Spread formations and quick passes early in the game forced the Cornhuskers to play with two high safeties on most plays. This meant the Badgers had better numerical matchups on most plays; the Badgers often had six down blockers against three defensive linemen and two linebackers in the box. If the offensive line and tight ends could win one-on-one matchups against their assignments, Jonathan Taylor would only have to make one man miss to break out for at least 10 yards. And it worked, even when an offensive lineman lost one of these matchups, Taylor always got at least a short gain.

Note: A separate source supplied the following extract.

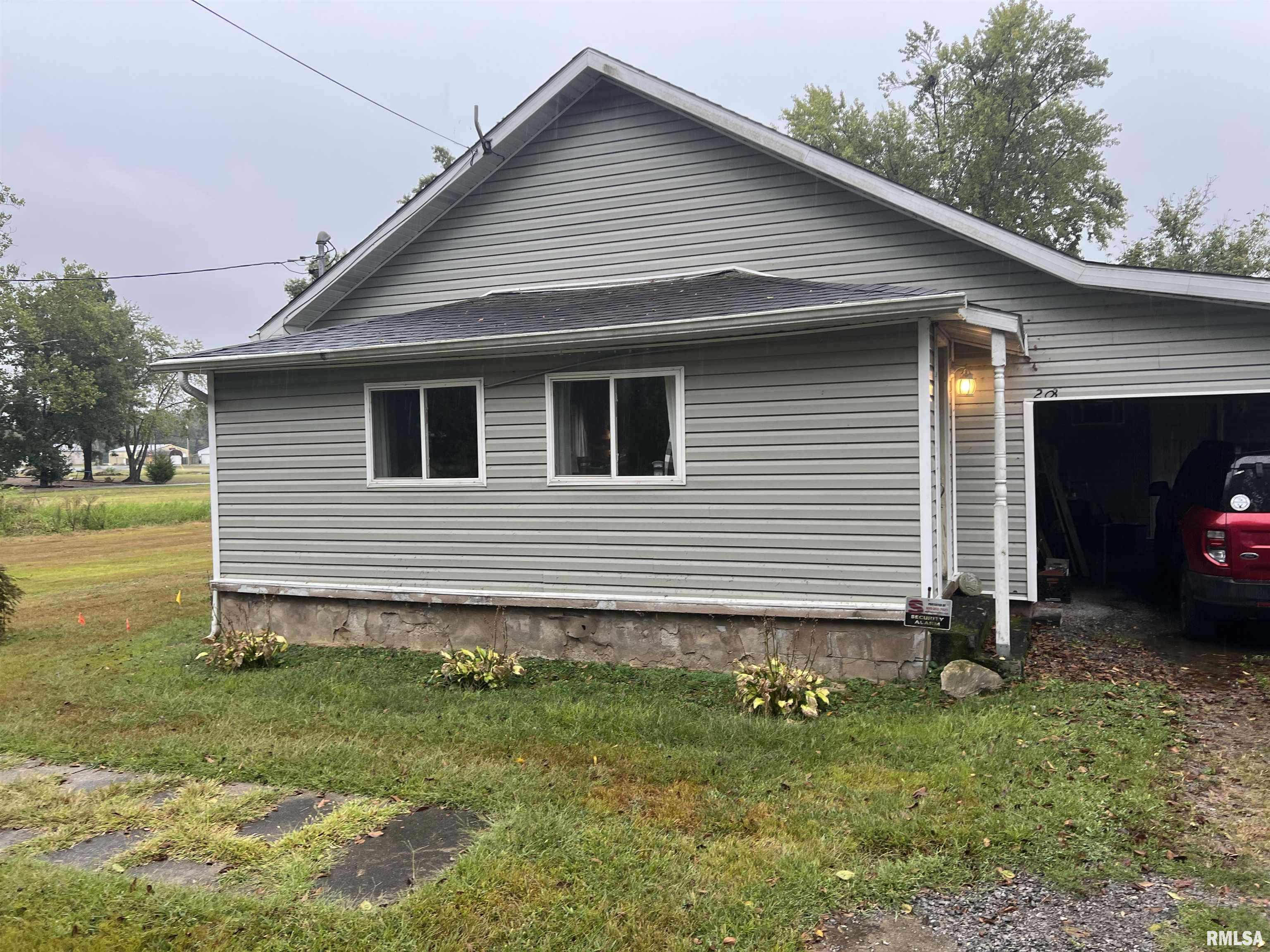 Pittsburg, IL 62974,203 W Scranton AVE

The Badgers often motioned out of their original formation, which allowed Jack Coan to make simple reads because defensive motion can often indicate coverage. For example, if a receiver runs across the field and a cornerback follows him, it’s man coverage. If the corner doesn’t follow, it’s most likely zone. Coan recognized this on multiple occasions, allowing for easy receptions that kept the Cornhusker defense honest.

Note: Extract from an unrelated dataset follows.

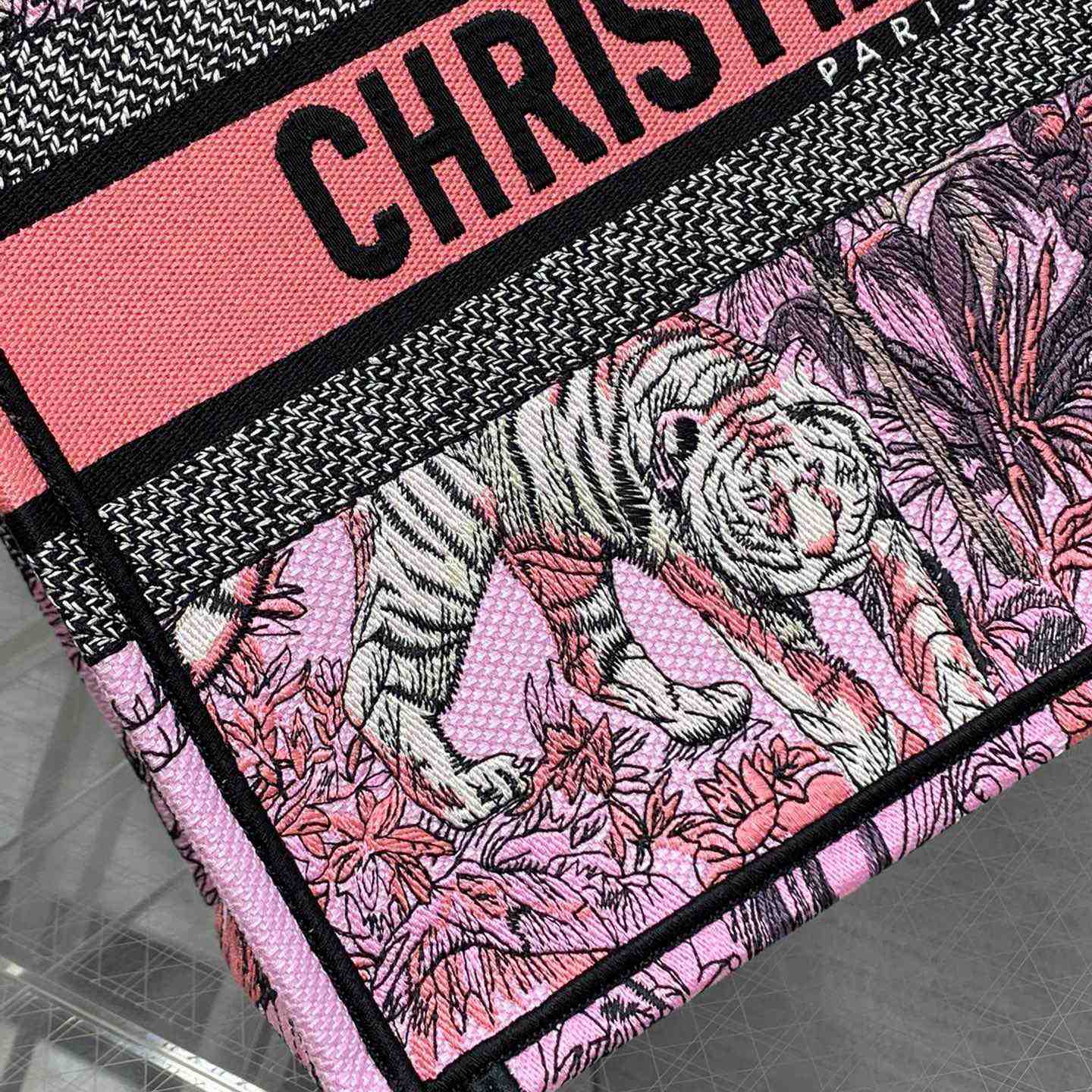 Mittlere Dior-Buchtasche von Dior - EUR FASHION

Wisconsin’s offensive success was also due to arguably the greatest determinant in whether Wisconsin’s offense will be average or great: their wide receivers. The Badgers have a notoriously strong run game, and it’s impossible to completely shut down Jonathan Taylor and Wisconsin’s rushing attack. However, the Badgers often struggle to move the ball consistently against teams that stack the box against Wisconsin’s heavy packages.
This means establishing the pass early opens up Wisconsin’s rushing attack later in the game, which is extremely important. Against Nebraska, Jack Coan connected with Danny Davis and Quintez Cephus early for substantial gains, which forced the Cornhuskers to respect Wisconsin’s passing attack. This meant Nebraska’s linebackers and safeties couldn’t be as aggressive in their run defense. Nebraska’s linebackers even hesitated in their run-pass reads which opened up gaping holes for Taylor.
Rudolph also incorporated false pulls on quick passing plays which further confused the Cornhusker defense. A false pull is when offensive linemen pulls — which linebackers usually associate with run plays — but the quarterback instead hits a receiver on a quick slant or flat. And, because Coan was mostly accurate with his quick throws, Nebraska’s linebackers couldn’t fly up into the backfield, as if they did Davis or Cephus could be one-on-one with a safety.
Ultimately, Wisconsin’s offensive balance and efficiency covered a poor defensive performance. If the Badgers can maintain this balance and throw early and often, they will at least give themselves a chance against elite Big Ten teams like Minnesota or Ohio State.